Plantar fasciitis is a painful condition that affects the heel and makes it difficult to walk normally, especially first thing in the morning. Fortunately, discomfort can often be alleviated with home care and exercises. However, in some cases, you must visit a foot doctor to get relief. If you’re not sure whether you should see a doctor, know the three signs that you need professional treatment.


The severity of your heel pain is often the best indicator of whether you should see a foot doctor for your plantar fasciitis. Discomfort is usually worse in the morning or after other periods of inactivity when the heel tissue is tight; the pain usually decreases as you become more active. You may also feel more uncomfortable in bare feet or in shoes that have little padding on the sole. If your pain does not lessen as you move more or put on a supportive pair of shoes, you should make an appointment with a medical professional.

Type of pain

Plantar fasciitis pain is usually most acute when you put weight on your feet. That is what makes walking, running, and many other activities so uncomfortable. However, if the discomfort in your heel continues even when there is no weight on it, you should call your foot doctor for professional treatment.


It can take months to get rid of the pain with plantar fasciitis treatment. If you are trying home treatments and exercises, you have to be patient so it has time to work. However, if your discomfort becomes chronic, it is usually a sign that you should see a doctor.
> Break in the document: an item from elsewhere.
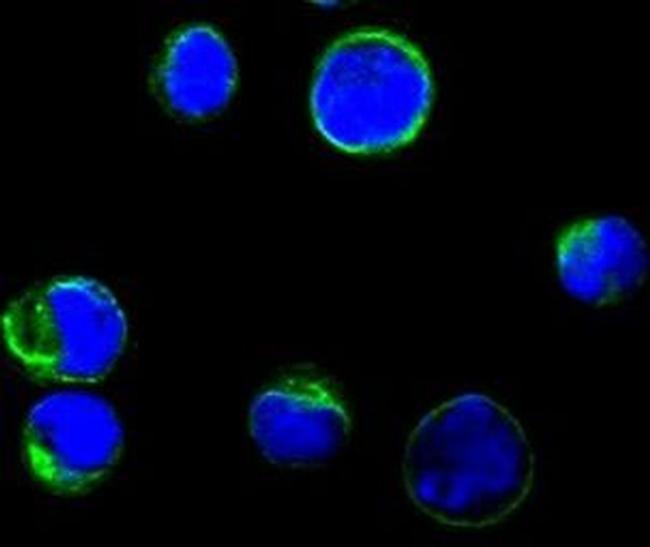 CD80 Antibody in Immunocytochemistry (ICC/IF)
When you have heel pain that lasts more than seven days, even after icing it, resting it, and treating it with over-the-counter pain relievers, you should see a foot doctor. Take note of how long it takes for the heel pain to go away as you move; If it starts to take longer and longer, seek medical assistance, even if you have not had discomfort for a week.

When you see your doctor, treatment may vary depending on the severity of your condition. Rest is generally recommended, and you may also need to modify the way you walk and run. If you are an avid runner, you may need to switch to a different form of exercise, such as swimming, to avoid putting too much stress on your heel. Massaging and stretching the area is also recommended to help loosen tension. A night splint may also be recommended as it can help provide a gentle tightening of the inflamed tissue while you sleep. Your foot doctor may also suggest anti-inflammatory medications. In extreme cases, steroid injections in the heel may be necessary.

You should be aware that it may take up to three months before symptoms disappear. Generally, the longer you’ve been experiencing plantar fasciitis, the longer it takes to go away.